Rising productivity: What does it mean for policy?
For much for 2011 and 2012 one of the core debates in UK macroeconomics revolved around what came to be termed the ‘productivity puzzle’. During the crisis output fell by much more than employment and, as consequence, productivity fell. This led to a discussion about the causes of that productivity drop and the forming of two broad camps – those who believed that the UK’s weak productivity performance was due to supply side factors and those who thought the causes were more on the demand side.
This debate may appear to be of primarily academic interest but in reality it was crucial to policy makers, it cuts to the heart of the question – ‘why has UK growth been so poor since 2009?’
If the problems are on the supply side then any boost to demand (such as through a fiscal stimulus) will simply push up prices as output struggled to keep pace with increased spending. Whereas if the problems are primarily on the demand side, then there is a much stronger case for stimulus
Whatever the cause, the UK’s productivity performance since the crisis has been extremely poor:
After a big fall in 2009, productivity has failed to recover.

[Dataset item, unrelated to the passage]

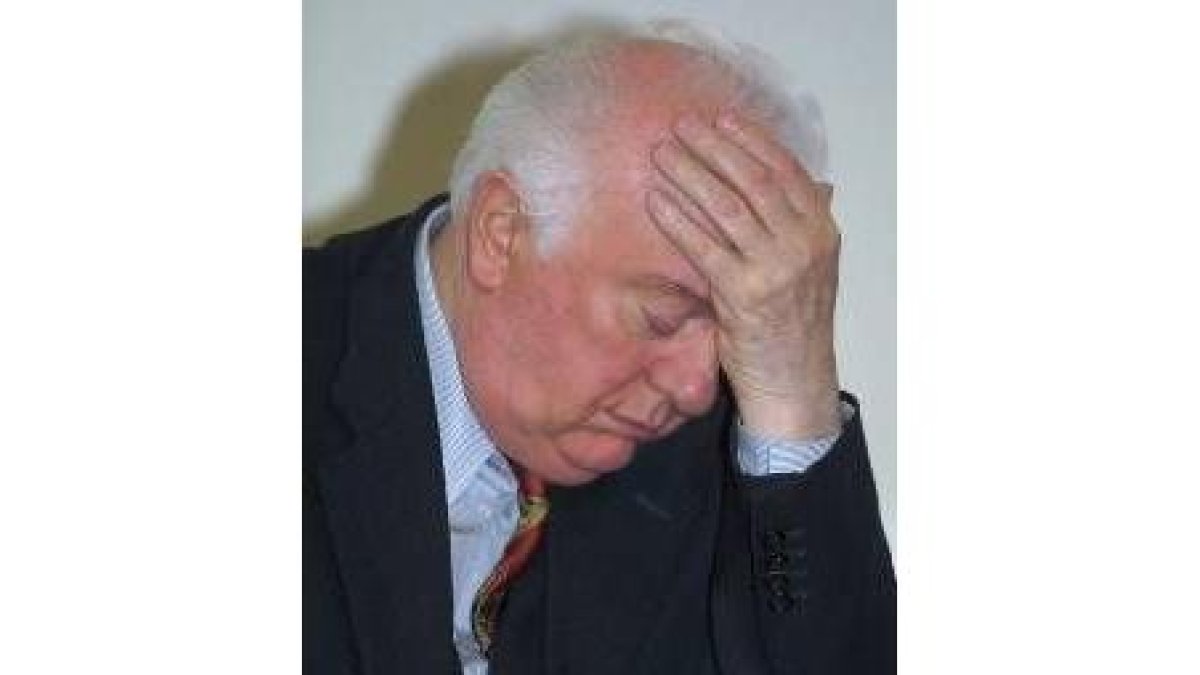 Eduard Shevardnadze, ayer, en el Parlamento georgiano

For what’s worth – I’ve always thought that the UK has both demand and supply side issues that needed resolving. The correct policy response is on the demand side in the short run and the supply side in the medium run. (This TUC Economic Report from earlier in the year covers the debate in more detail).
I’ve re-hashed this all today because recent economic data is offering a tentative answer to the ‘puzzle’ and it looks like the supply side pessimists were wrong.

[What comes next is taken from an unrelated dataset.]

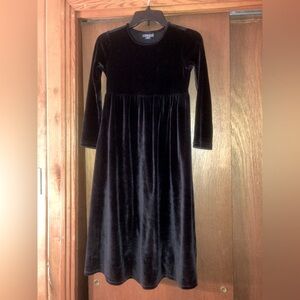 Lands and size 10 velvet black dress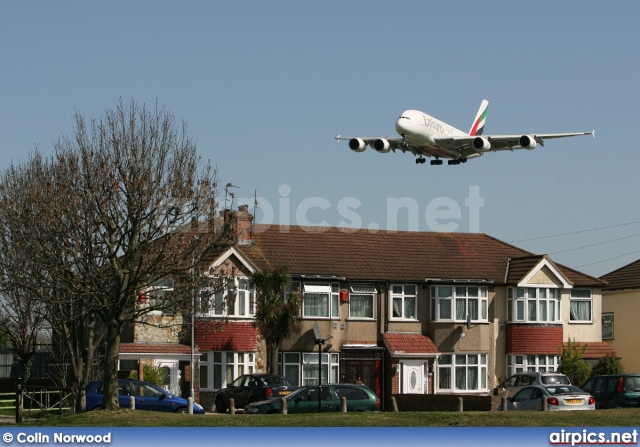 A6-EDK, Airbus A380-800, Emirates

It is certainly starting to look like productivity may be about to rebound. I’d offer three bits of evidence.
Starting with GDP, we now know output grew by 0.7% in the second quarter (on a quarter by quarter basis).
By contrast over the same period (Q2 on Q1), the number of people in work grew by only 0.2% (and the number of hours worked grew a little faster at 0.3%). Simply put, output in the second quarter grew by considerably more than the number of people in work suggesting a pickup in productivity growth.

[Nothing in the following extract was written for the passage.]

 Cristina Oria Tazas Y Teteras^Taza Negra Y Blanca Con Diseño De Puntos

Of course a single quarter’s data doesn’t constitute a trend, but there are other signs to.
Yesterday’s strong manufacturing PMI showed a pick pickup in orders and output but only a modest improvement in employment. This again is suggestive of improving productivity.
Today’s OECD forecast for the UK good upward revisions to growth in 2013 and 104 but again only modest changes to employment forecasts.
It is starting to look like a productivity pickup began earlier in the year and that it might be maintained.
Given there have been no major changes to the supply side of the economy over the past 6 months, the explanation for this productivity growth should be looked for on the demand side of the economy.
I would argue that the falling household savings ratio has provided a boost to demand and this is leading to higher measured productivity.
So, if productivity is picking up, what does this mean for the economy? I’d argue it could have potentially large effects on both monetary and fiscal policy but the impact on living standards might be more muted.
First off, a productivity pickup implies (given the Bank of England’s new thresholds and guidance) that rates will remain low for an extended period. Higher productivity will mean that unemployment falls less as demand increases than would otherwise be the case. This all implies that ILO unemployment may remain above 7.0% for longer than it would with lower productivity.
It also means that increased demand will be less inflationary, again taking away some of the pressure for rate increases.
Second, in terms of fiscal policy the impact of higher productivity could be substantial. Faster productivity growth could easily led to the OBR revising up its forecast of the output gap and hence revising down its estimate of the structural deficit. As I’ve argued before, this could have huge economic and political consequences.
Finally, what does higher productivity mean for living standards? In the medium to long run it has the potential to be very good news indeed (higher productivity means more output per person and hence a higher standard of living) but in the short run it may not mean much.
Despite a productivity improvement in 2013 so far, there appears to be little upward pressure on wages. Beginning in the 1980s productivity and wages began to decouple and currently that does not look set to be reversed. Re-coupling productivity and wages is a major challenge for policy makers and one that cuts to the heart of ‘economic reform’.
Rising productivity is no doubt a good thing for the UK economy but if we want to make sure that people in the middle and below benefit from it, then that means economic reform and that is the job of politics.